Robotics researchers note well-documented challenges with pneumatic artificial muscles: precision control, energy efficiency, and operating pressure. The Shanghai team claims their embodied AI overcomes precision limitations via continuous deformation modeling. Skeptics argue the lab-to-deployment gap for soft-body robotics remains large; proponents counter that biology proves musculoskeletal actuation works at human scale.
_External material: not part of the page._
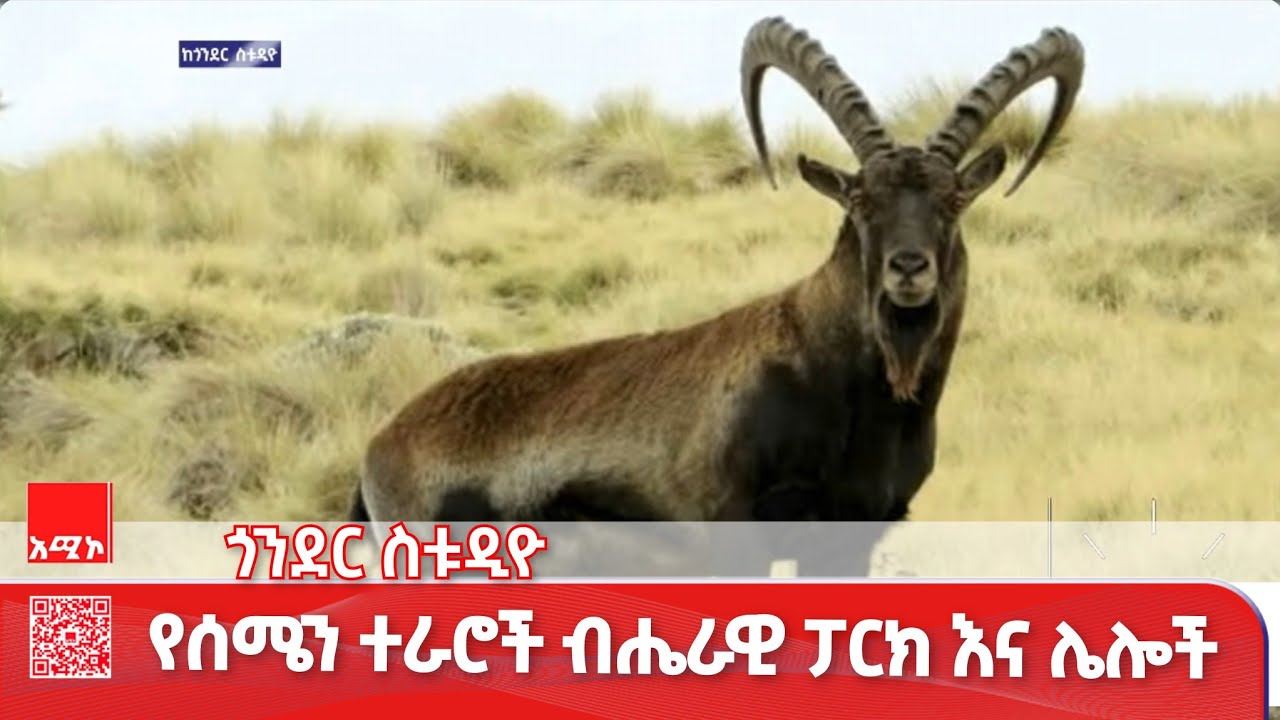 ጎንደር ስቱዲዮ ዜና: ጥር 26/2018 ዓ.ም #ዜና #አሚኮ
A detailed Automotive Manufacturing Solutions analysis provides the most granular production data yet on humanoids in manufacturing: Figure 02 has handled over 90,000 components in ten-hour shifts at BMW Spartanburg over ten months, with expansion to Leipzig planned. Toyota and Tesla have also launched production deployments. However, two critical unresolved barriers — dexterity and safety — currently limit humanoids to specific retrofit applications. Emergency stop protocol concerns specifically prevent close human-robot collaboration.
Why it matters
This is the clearest production-data reality check yet, relevant context for the Figure AI safety lawsuit (ongoing from prior coverage) and the BMW deployment mentioned in the Q1 funding record. The gap between 'humanoid working in a factory' and 'humanoid replacing a factory worker' remains substantial — deployments are narrowly scoped retrofits, not general automation. The specific identification of emergency stop protocols as the blocking safety issue adds a concrete regulatory dimension to the broader robotics_safety_ops thread.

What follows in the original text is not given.